Say I have a matrix $\hat M$ with a singular value decomposition (SVD) $\hat M=\hat U\hat D\hat V ^\dagger$. Given this SVD, is there a simple way to get the SVD of $(\hat{M}-z\hat{1})$, for $z\in\mathbb{C}$ some constant (here $\hat 1$ denotes the identity matrix)?
Equivalently, if I have a polar decomposition $\hat{M}=\hat U\hat P$, is there a simple way to get the polar decomposition of $(\hat{M}-z\hat{1})$?
I'm actually only interested in getting the product $\hat{U}\hat{V}^\dagger$ in the case of the SVD, or the unitary part $\hat{U}$ in the polar decomposition, so if there's a method that doesn't get me the singular values $\hat{D}$ or positive-definite part $\hat P$, that's fine too.

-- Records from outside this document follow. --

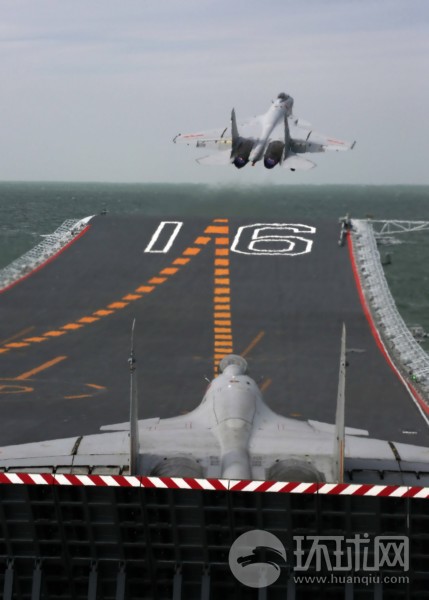 海军又一批舰载机飞行员成功阻拦着舰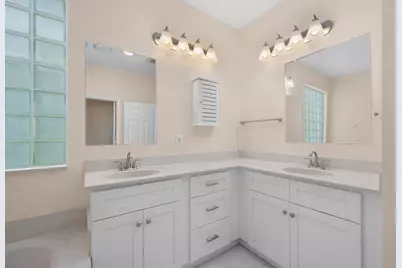 6980 SE Twin Oaks Circle, Stuart, FL 34997 - Photo 23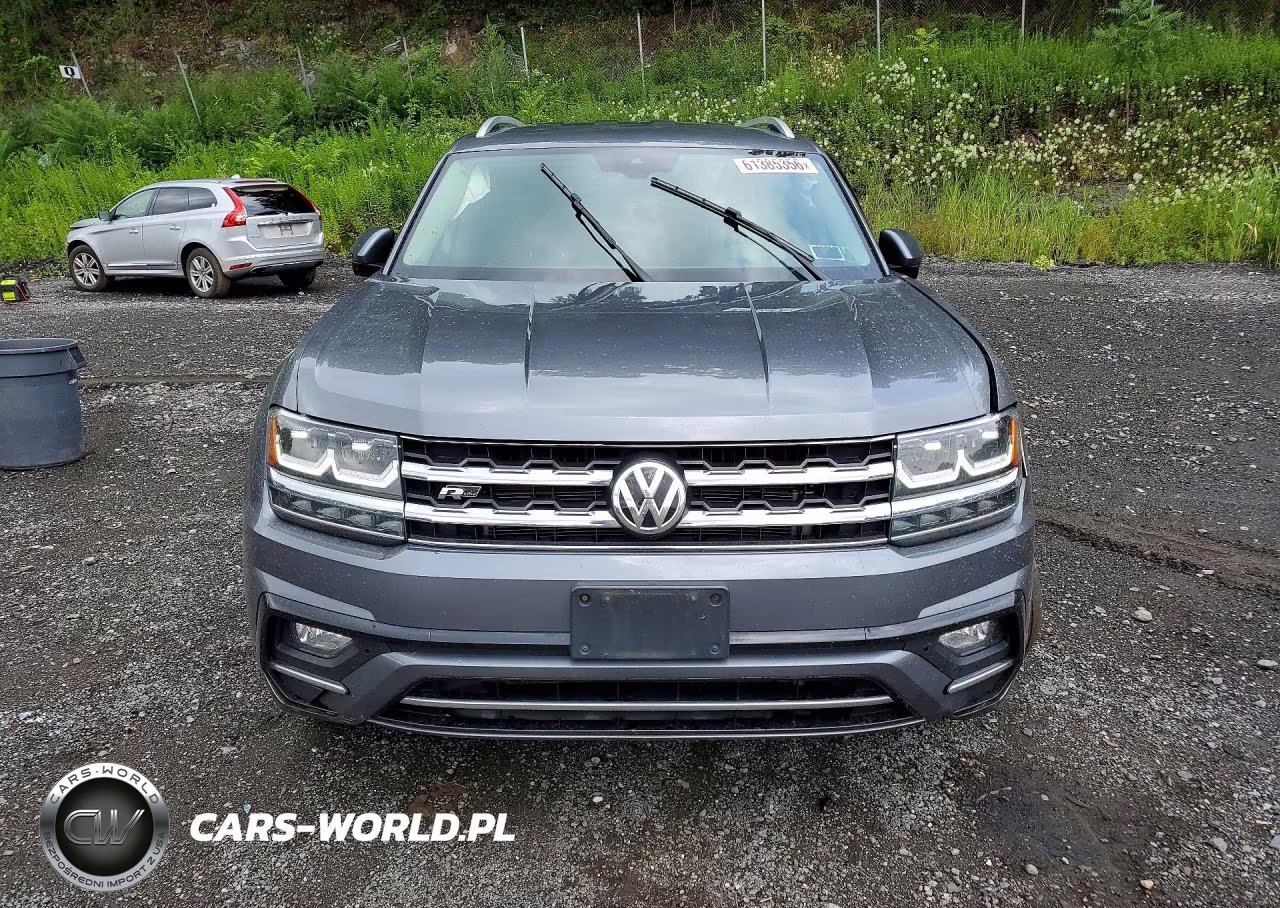 2018 Volkswagen Atlas Se VIN:1V2PR2CA5JC555772 - 5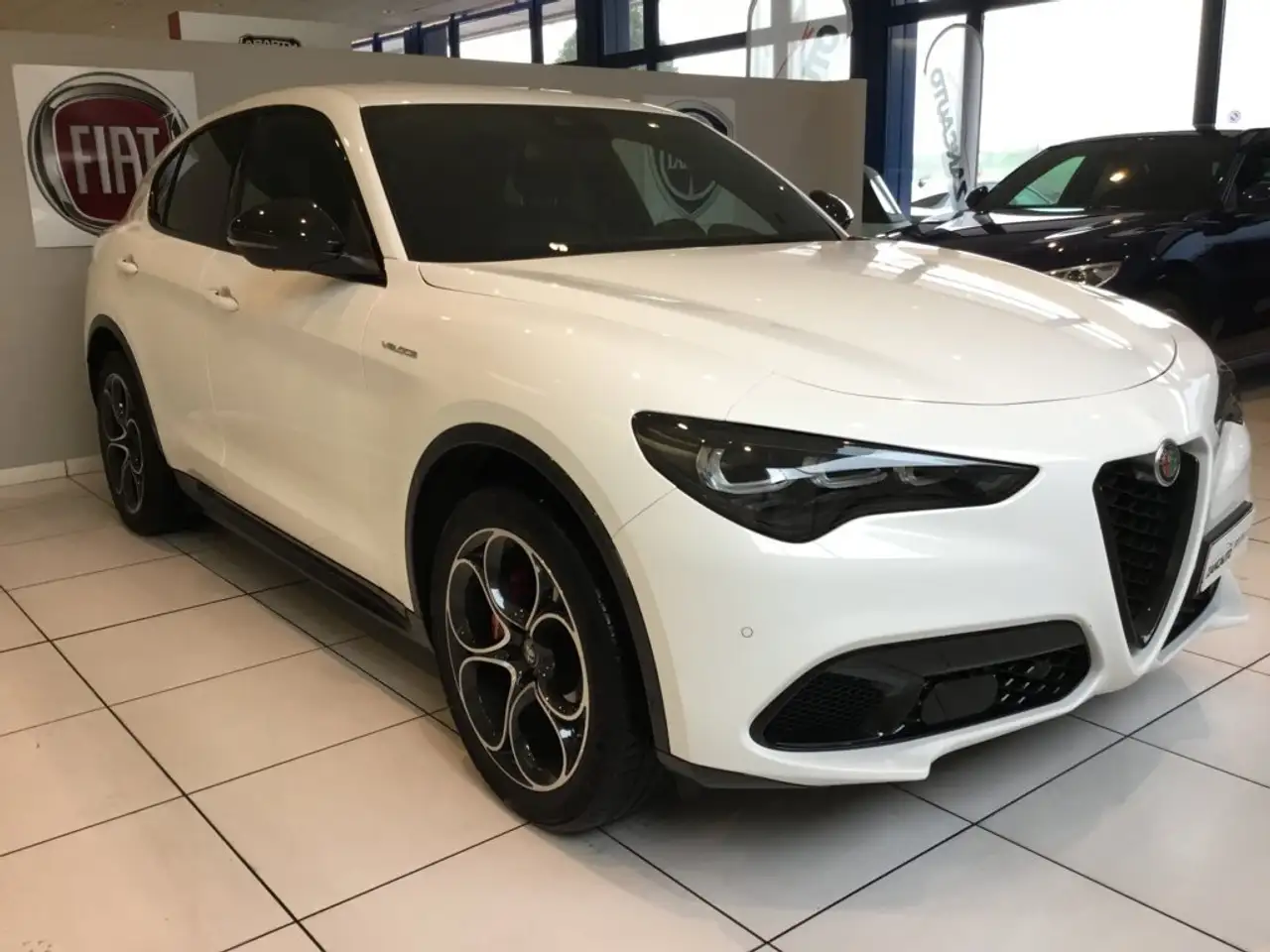 Alfa Romeo Stelvio 2023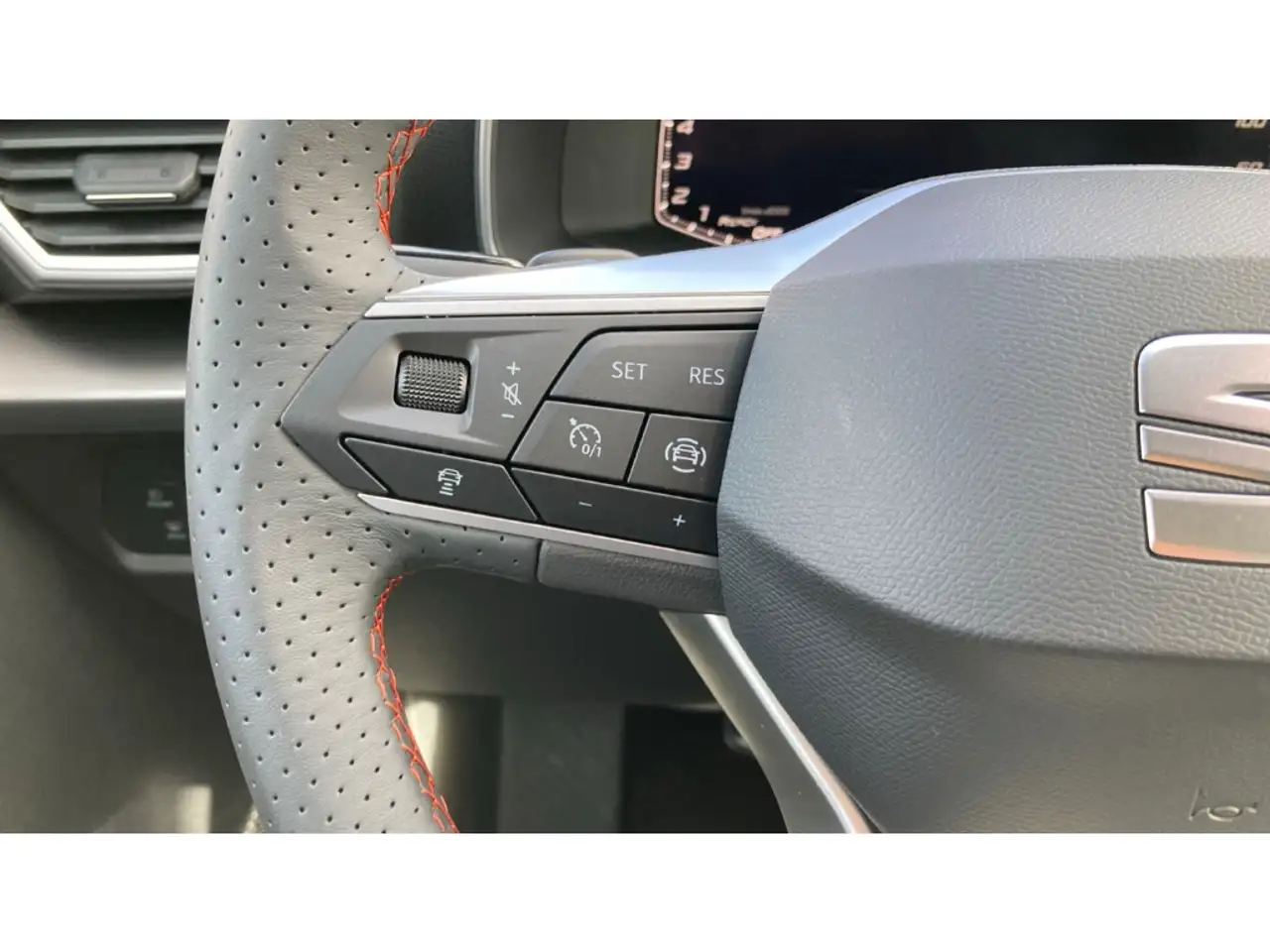 SEAT Leon SPORTSTOURER 1.5 eTSI DSG FR KAMERA+SHZ+ACC — معرض صور السيارة 22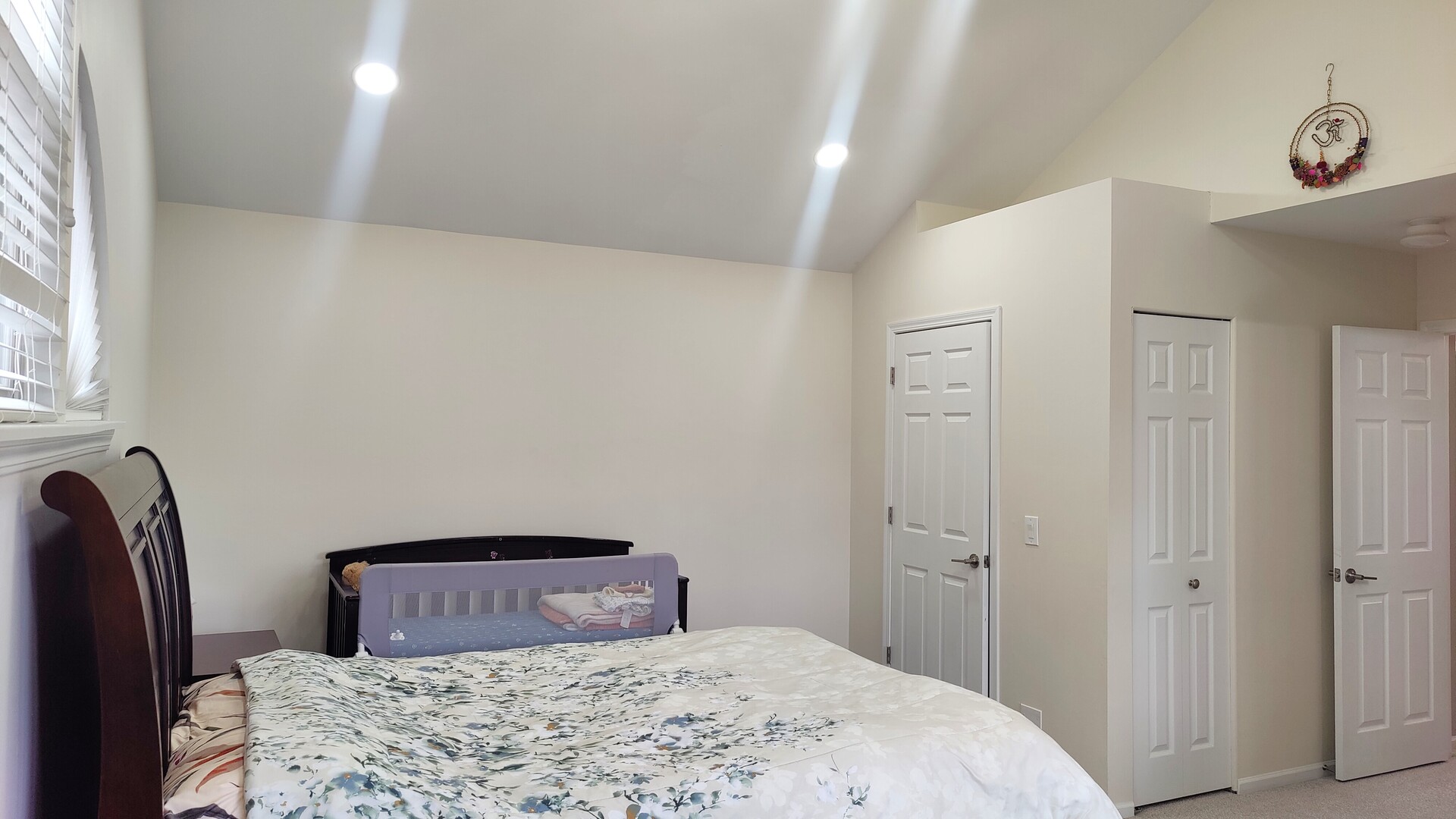 138 White Branch Court, Schaumburg, IL 60194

I assume that you have checked (because I have not!) the equivalence of the polar decomposition version of your question with the SVD version of it, and so I will go straight to the polar decomposition (PD) version.
By 'simple way' you obviously mean a method that requires less computation than the brute force method, i.e. computing the polar decomposition of $M-zI$ from the grounds up (i.e. without knowing anything about the polar decomposition of $M$).
If there was a general trick for computing the 'translated polar decomposition' that works independent of dimension, it would need to be applicable also in the case where $M$ is just a complex number (i.e. a $1\times1$ matrix). So, let's check if such a method is known to exists in that special case.
The PD of a complex number $M$ is $$M=r\cdot {\rm e}^{{\rm i}\phi}$$ where $$r=\sqrt{\Re(M)^2 + \Im(M)^2} \qquad , \qquad \phi={\rm arctan2}(\Re(M), \Im(M))$$ So much for the brute force computation of the PD of $M$. Then your question means for our special case: is there a simpler way to compute the PD of $$M-z=r^\prime \cdot {\rm e}^{{\rm i}\phi^\prime}$$ than to simply insert it into the above formulae again, i.e. $$r^\prime =\sqrt{\Re^2(M-z) + \Im^2(M-z)} \qquad , \qquad \phi^\prime={\rm arctan2}(\Re(M-z), \Im(M-z))$$ You can quickly visualize that the complex zero, the point $M$ and the point $M-z$ generally form a non-right triangle in the complex plane. All the theorems I know about non-right triangles make use of trigonometric functions and hence, can be deduced by referring to equivalent right triangles (e.g. by using an altitude).
Therefore, it is rather unlikely that there is a more clever way of computing $r^\prime$ and $\phi^\prime$ than by going through the real and imaginary parts and using the above formula.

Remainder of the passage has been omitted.